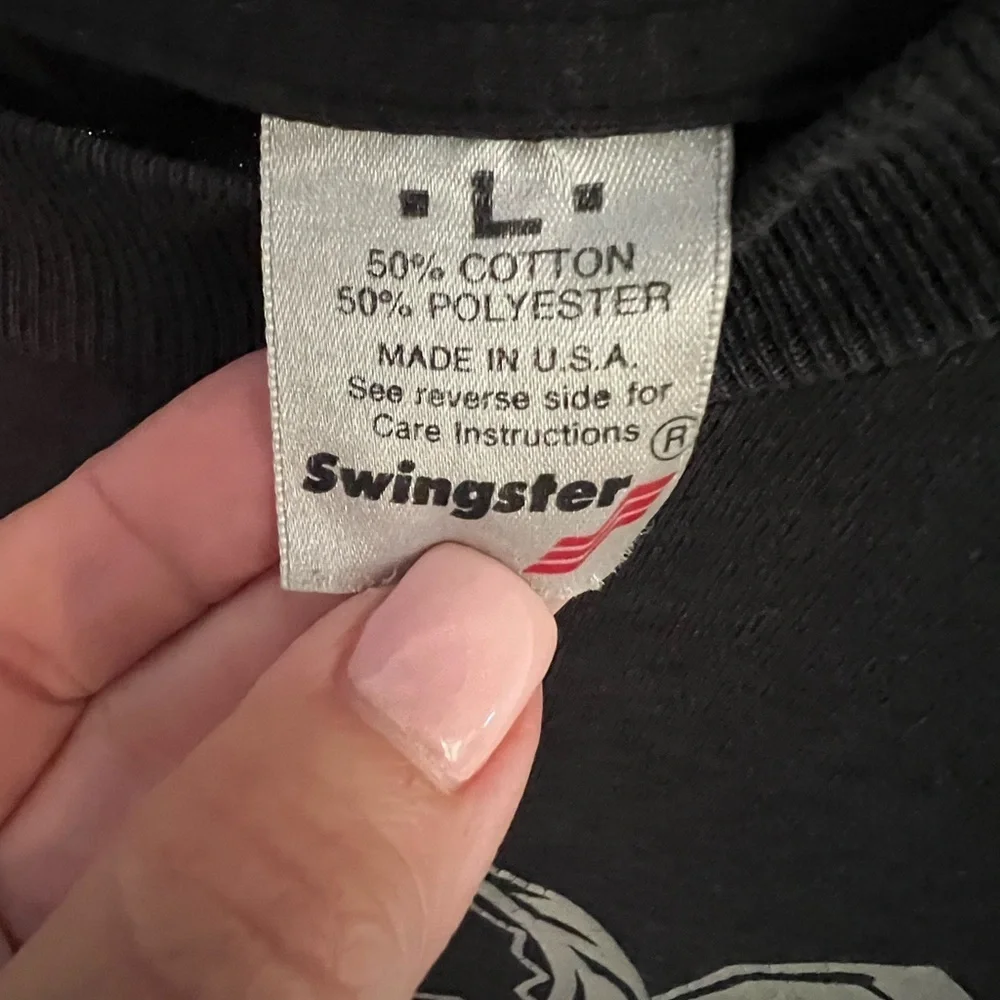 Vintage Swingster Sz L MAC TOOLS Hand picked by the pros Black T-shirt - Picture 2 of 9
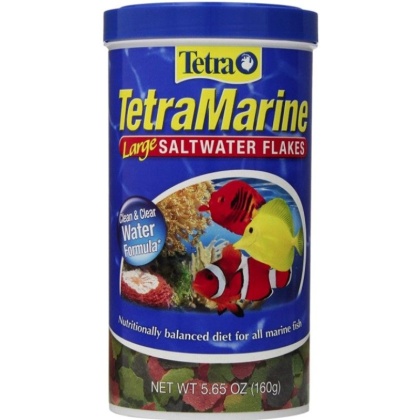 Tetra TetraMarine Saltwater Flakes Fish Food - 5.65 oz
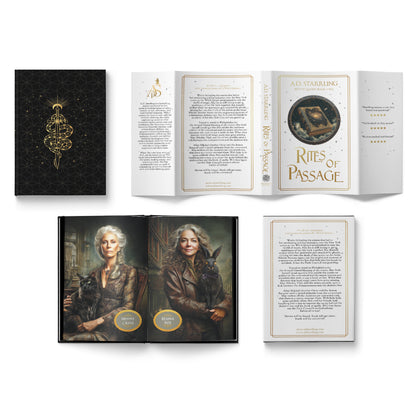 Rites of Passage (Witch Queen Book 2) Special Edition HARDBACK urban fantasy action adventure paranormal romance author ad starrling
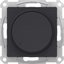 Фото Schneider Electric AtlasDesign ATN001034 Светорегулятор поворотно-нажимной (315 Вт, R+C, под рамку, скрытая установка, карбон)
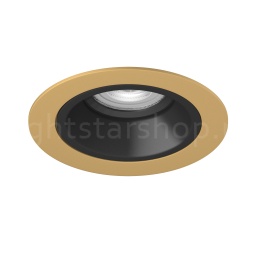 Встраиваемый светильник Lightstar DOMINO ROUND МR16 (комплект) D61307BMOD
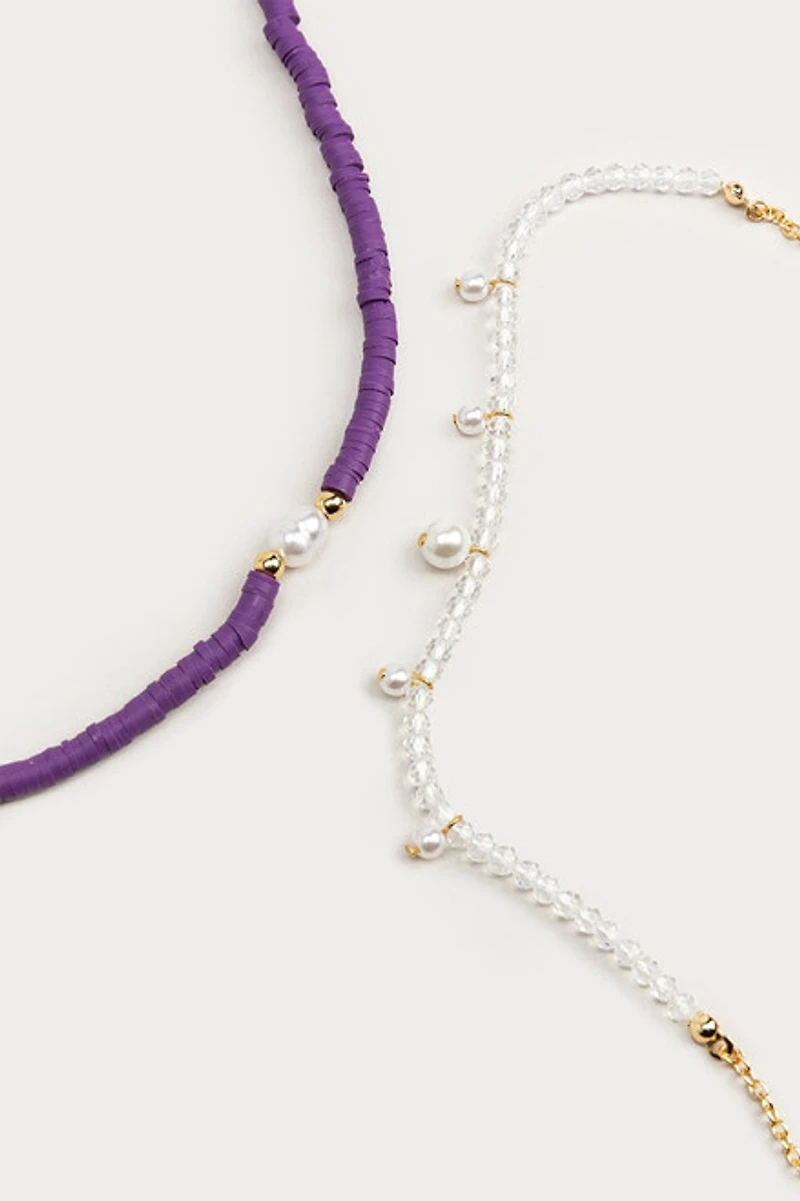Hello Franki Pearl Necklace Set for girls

• • • • • • •

Apart from the pictures, write every entry out again exactly.

 Vintage Swingster Sz L MAC TOOLS Hand picked by the pros Black T-shirt - Picture 2 of 9
 Tetra TetraMarine Saltwater Flakes Fish Food - 5.65 oz
 Rites of Passage (Witch Queen Book 2) Special Edition HARDBACK urban fantasy action adventure paranormal romance author ad starrling
 Фото Schneider Electric AtlasDesign ATN001034 Светорегулятор поворотно-нажимной (315 Вт, R+C, под рамку, скрытая установка, карбон)
 Встраиваемый светильник Lightstar DOMINO ROUND МR16 (комплект) D61307BMOD
Hello Franki Pearl Necklace Set for girls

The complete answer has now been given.